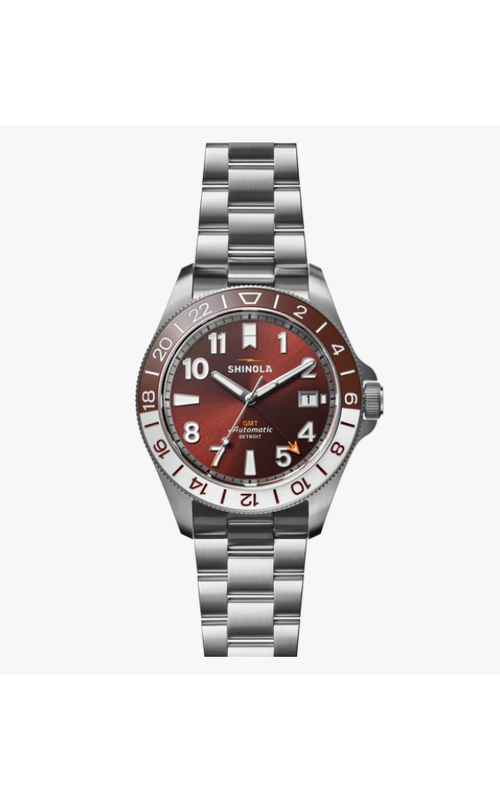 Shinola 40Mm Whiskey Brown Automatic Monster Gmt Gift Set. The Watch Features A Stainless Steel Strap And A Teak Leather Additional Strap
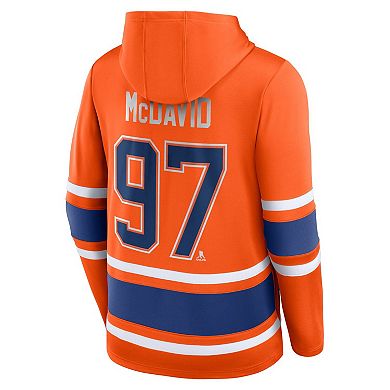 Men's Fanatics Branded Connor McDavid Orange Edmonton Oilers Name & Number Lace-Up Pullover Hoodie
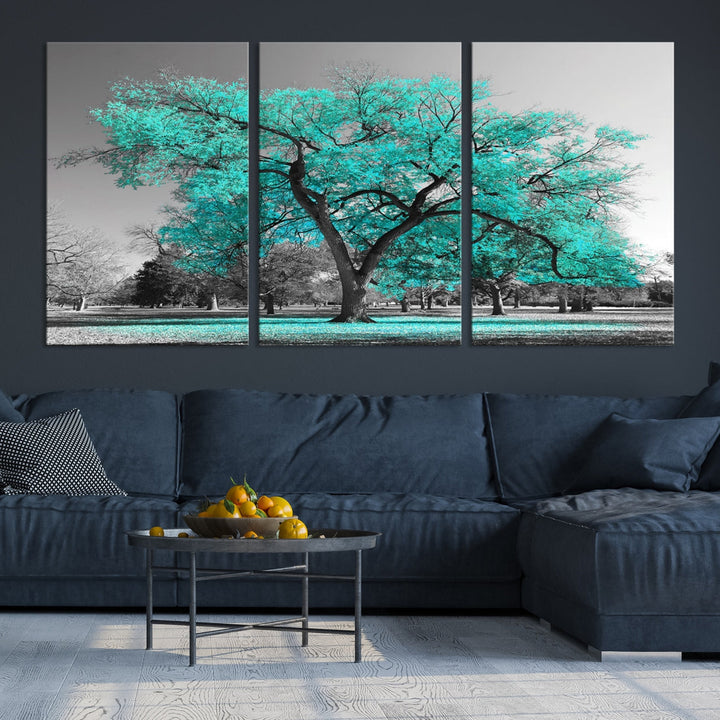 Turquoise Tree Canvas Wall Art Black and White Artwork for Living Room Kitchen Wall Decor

○ ○ ○

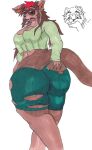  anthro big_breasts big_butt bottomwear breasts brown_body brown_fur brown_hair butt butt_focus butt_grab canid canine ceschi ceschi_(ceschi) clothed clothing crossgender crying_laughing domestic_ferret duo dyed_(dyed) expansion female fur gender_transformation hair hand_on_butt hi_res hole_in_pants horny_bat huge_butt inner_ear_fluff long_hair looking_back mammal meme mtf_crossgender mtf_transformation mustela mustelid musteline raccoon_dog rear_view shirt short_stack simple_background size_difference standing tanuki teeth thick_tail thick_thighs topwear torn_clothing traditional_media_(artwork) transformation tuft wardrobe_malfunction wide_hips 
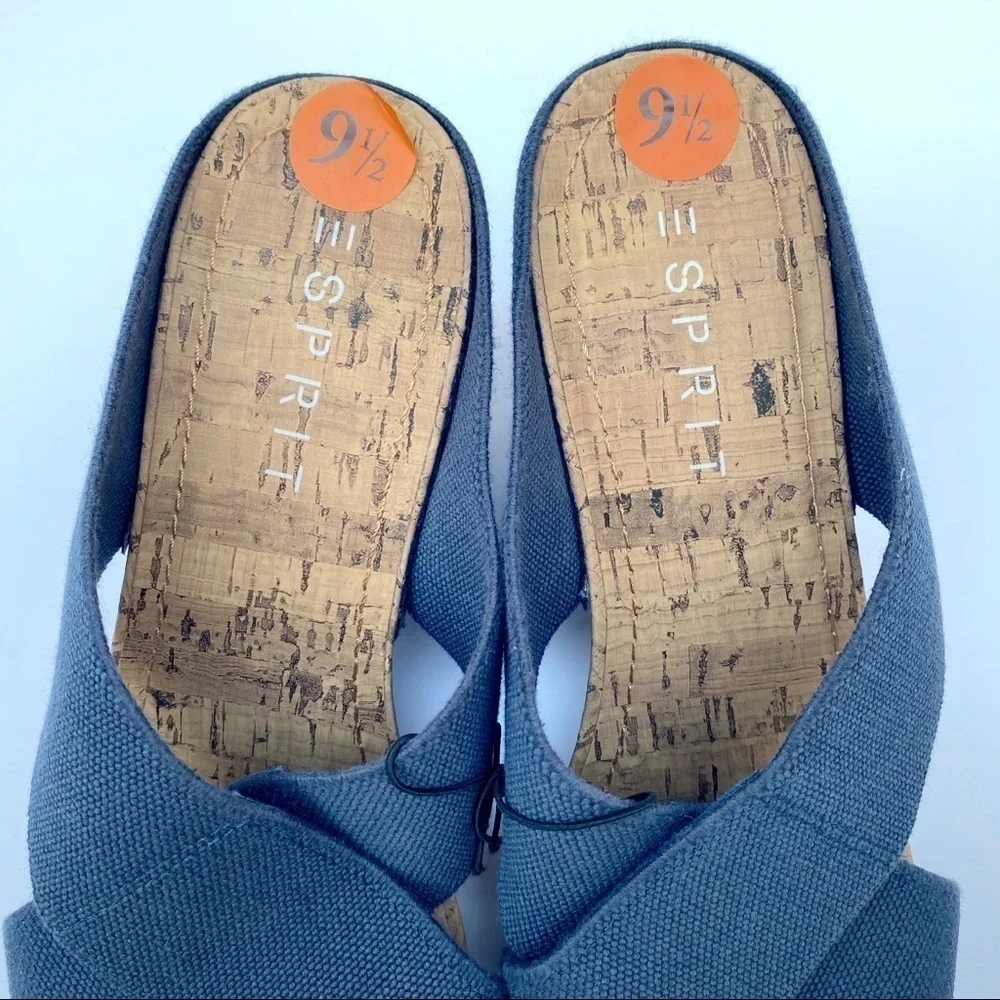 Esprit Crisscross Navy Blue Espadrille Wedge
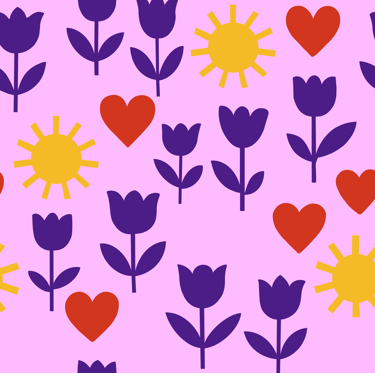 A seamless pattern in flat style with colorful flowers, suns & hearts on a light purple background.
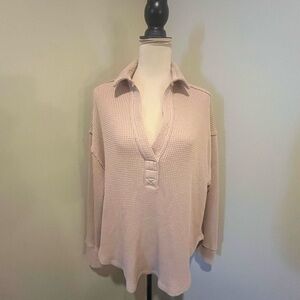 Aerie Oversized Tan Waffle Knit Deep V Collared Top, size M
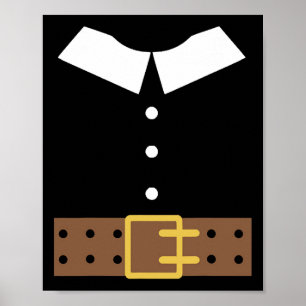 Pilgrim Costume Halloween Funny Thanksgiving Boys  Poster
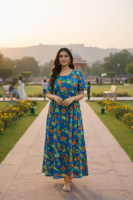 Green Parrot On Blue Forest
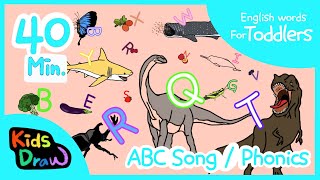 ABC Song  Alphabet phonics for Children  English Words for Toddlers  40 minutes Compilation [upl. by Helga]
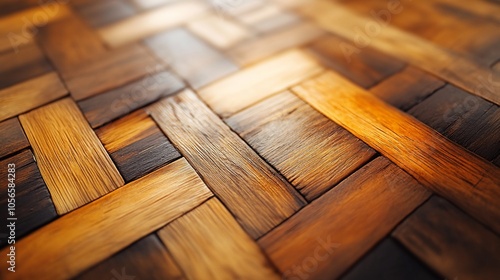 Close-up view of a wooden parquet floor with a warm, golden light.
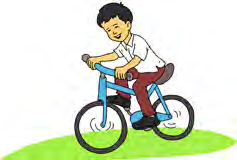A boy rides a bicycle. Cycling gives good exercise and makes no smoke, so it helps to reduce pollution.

○ ○ ○

- _THE TASK_
When you reach the line holding "[upl. by Helga]" in the listing above, begin retyping exactly, and stop once the line holding "A boy rides" is done; pictures stay out.

- _RESPONSE AREA_
 ABC Song  Alphabet phonics for Children  English Words for Toddlers  40 minutes Compilation [upl. by Helga]
 Close-up view of a wooden parquet floor with a warm, golden light.
A boy rides a bicycle. Cycling gives good exercise and makes no smoke, so it helps to reduce pollution.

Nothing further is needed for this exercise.